Piece on prayer is divisive, misleading

Posted

Once again I write to respectfully disagree with a commentary by Mr. Hubert D. Osteen Jr. His recent piece titled "The left mocks prayer after U.S. tragedies" mostly consists of reprinting an article by William McGurn that first appeared in the notoriously conservative Wall Street Journal on Nov. 7.
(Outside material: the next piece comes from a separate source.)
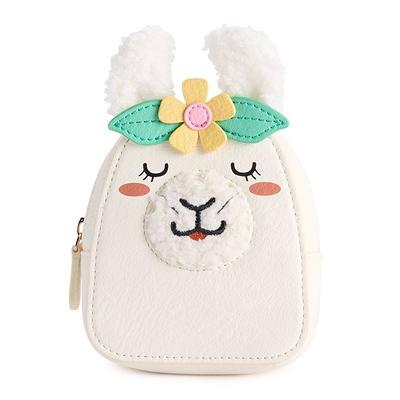 LC Lauren Conrad Pretty Llama Coin Pouch, Light Grey - Yahoo Shopping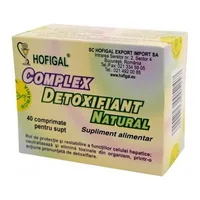 COMPLEX DETOXIFIANT NATURAL 40CPR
The piece cherry picks some six quotes made after the Texas church massacre along with The Sumter Item's bestowed title attempts to make the dubious claim that all progressives are somehow against prayer. He includes an especially foul quote from actor Wil Wheaton, another more reasoned one by ultra liberal Congresswoman Elizabeth Warren, a headline from Huffington Post while quoting Keith Olbermann, actress Marina Siritis and Joy Reid. This Journal writer seems to miss their intended point by miles; or did he? I read the quotes as collectively stating that repeated prayers after mass killings absent any tangible effort toward reasonable gun control are less likely to be answered. Many of us were taught and I firmly believe that God helps those willing to help themselves.

The Journal writer strongly suggests that conservatives have a monopoly on faith in prayer while all progressives seek to belittle or dismiss it's power. This is not true!

On the same opinion page appears a warm and sincere letter from a reader honoring the lives of two good friends who recently passed away. I quote from his letter: "One was white, the other black; one was a Democrat, the other Republican; one was Catholic, the other Protestant. Both were invaluable members of their church, and both took on duties helping youth and devotional services."

Despite their different political and religious affiliations there is nothing in his letter to suggest that either of these good men doubted the power of prayer or the power of tirelessly working on shared interests to improve their community.

It is my hope that Mr. Osteen read this well penned letter since it speaks a greater truth than the professionally written but misleading and divisive piece he reprinted from The Wall Street Journal.